Also, James Grey didn't answer my questions and examples in bold above. Can you answer them? If not, doesn't that say that you guys are hiding something and refuse to admit that you're wrong in certain areas and that money isn't the top factor in everything?
I believe money is the big driving force but it isn’t everything. I will give you my opinion to your questions directed to him as well since you have asked.
W: If you can prove how money was the biggest factor in my human relationships, then I'll admit you're right. But I bet you can't. Prove how and why money was the biggest factor in Dianne's attraction to me, for example. She had many rich guys to choose from, among foreigners and Filipinos, any time she wanted. But she chose a poor guy like me, cause she felt right about me and had feelings for me. EXPLAIN THAT!
Money isn’t everything for all girls. For most of them it does play a role. After Diane had the kid she did become very materialistic and demanding.
And how come rich guys get rejected by women who don't like their personality? Explain that one!
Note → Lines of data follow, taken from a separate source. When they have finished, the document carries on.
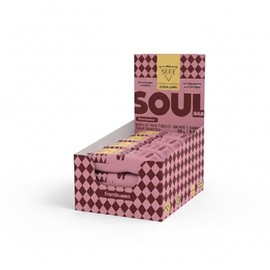 Wild Soul | Barras de Frutas y Nueces | Sabor Frambuesa | Veganas, Sin Azúcar Añadida, Ricas en Fibra| Pack de 12 unidades | 35 g cada barra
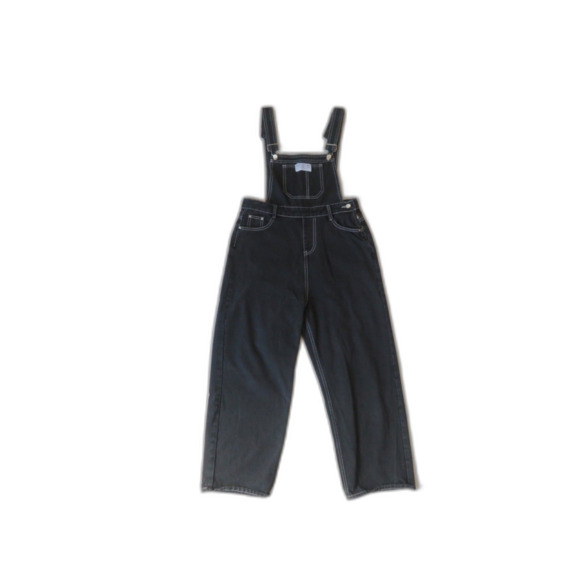 Nike Other - VINTAGE NIKE PRO BLACK DENIM OVERALLS SIZE 2XL MENS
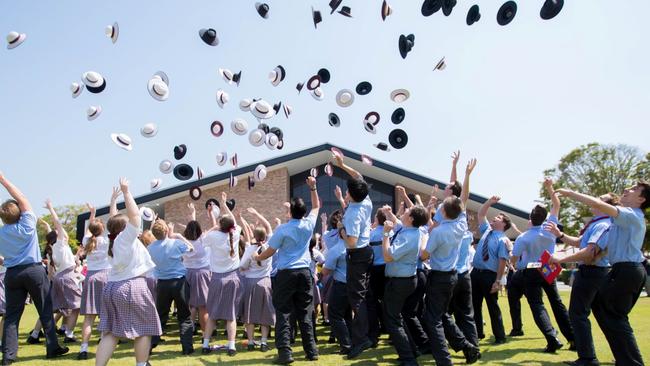 Ormiston College graduating class of 2019 celebrates.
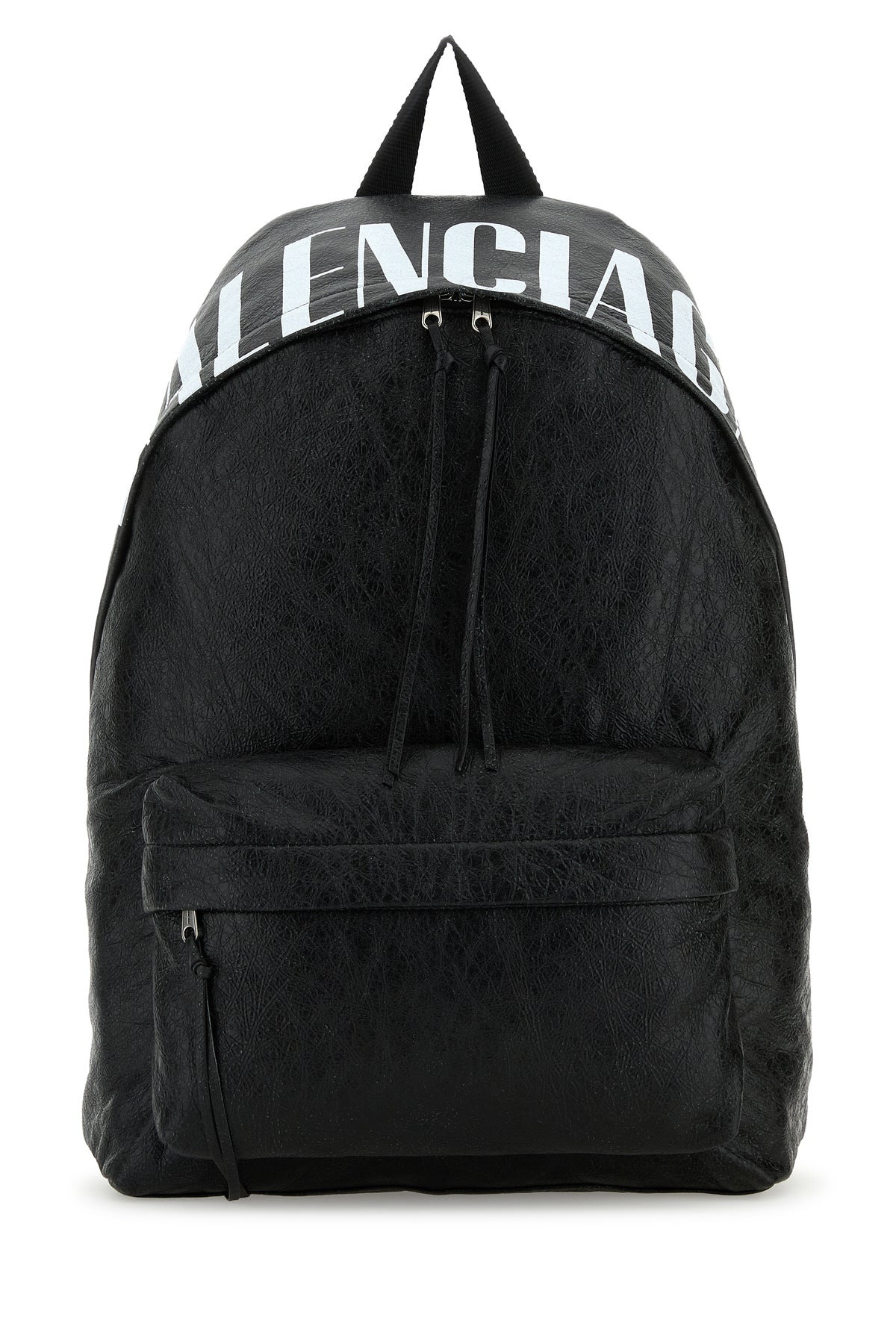 Black leather Editor backpack - 1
I personally know guys who are richer than me, but the girls like me more than them, cause I have a more likable personality and charm and humor.
Some women will do this. The vast majority in my opinion will pick someone who is financially secure. I’m not talking about a rich millionaire but someone who does have modest wealth/income.
Sorry, but that example alone proves you wrong.

There are countless such stories.
There are countless examples which go both ways it’s a matter of opinion of which way is the majority.
How about stories where people quit a high paying job for a lower paying job that brings more satisfaction? Obviously, money wasn't the factor there.
There is a big flaw to this statement. This is this person already has already a few hundred thousand dollars stashed in retirement and doesn’t need to continue making big money so the person then took a lower paying job once he was financially secure.
And did you see that Near Death Experience video I posted in the religion/spirituality section, where this business tycoon quit his profession to become a teacher, after having had a Near Death Experience? He now makes very little money, just enough to survive, whereas before he was making a ton of money, all because he decided to follow his calling after the NDE. Explain how money was the chief deciding factor in that!
There are exceptions to every rule this is just one individual. The vast majority of business tycoons would not quit their profession to become a teacher.
One final question to you. Suppose there were two guys, one was a lot richer than the other, but the poorer guy had some qualities that the rich guy didn't have, such as a pleasant personality, humor, and charm. Now, would you say that 100 percent of all available women would choose the richer guy everytime? If not, and I hope you admit that, then why not? If money were the BIGGEST factor in everything in existence, then WHY wouldn't 100 percent of all women choose the richer guy everytime???????? Think about it.
It may not be 100%, but if it’s say 75-80% it would still make a vast majority where I believe the vast majority would pick someone who is financially stable (Not Super Rich) over someone who wasn’t.
W: THen how come no one saw the recession of 2001 coming? And how come economic models are not 100 percent accurate?
Realistically 9/11 happened that particular year. A catastrophic event like that could never be predicted while the other examples I made are very predictable.
W: That may be true, but why are these guys unable to see other factors that matter?
There are other factors but getting financially I believe is the most important one and then the other factors would fall into place.
W: What? I'm not talking about the psychology of money, or money's role in psychology. Again, you are trying to tie it all in with money. I'm talking about psychology in general. Have you ever read anything about psychology? Open up any of the writings of Sigmund Freud, Carl Jung, Abraham Maslow, BF Skinner, etc. the famous psychologists, and see if any of them said that all human behavior is motivated by money. Bet you can't.
I’m not into psychology. You still need money to take care of your most basic needs. Once your most basic needs are met then money wouldn’t be as big of an issue.
W: My God. Are you serious? Or joking? Tell me you are joking. ANYONE knows what chemistry is, and it has NOTHING to do with money! NOTHING! Look up the definition of it!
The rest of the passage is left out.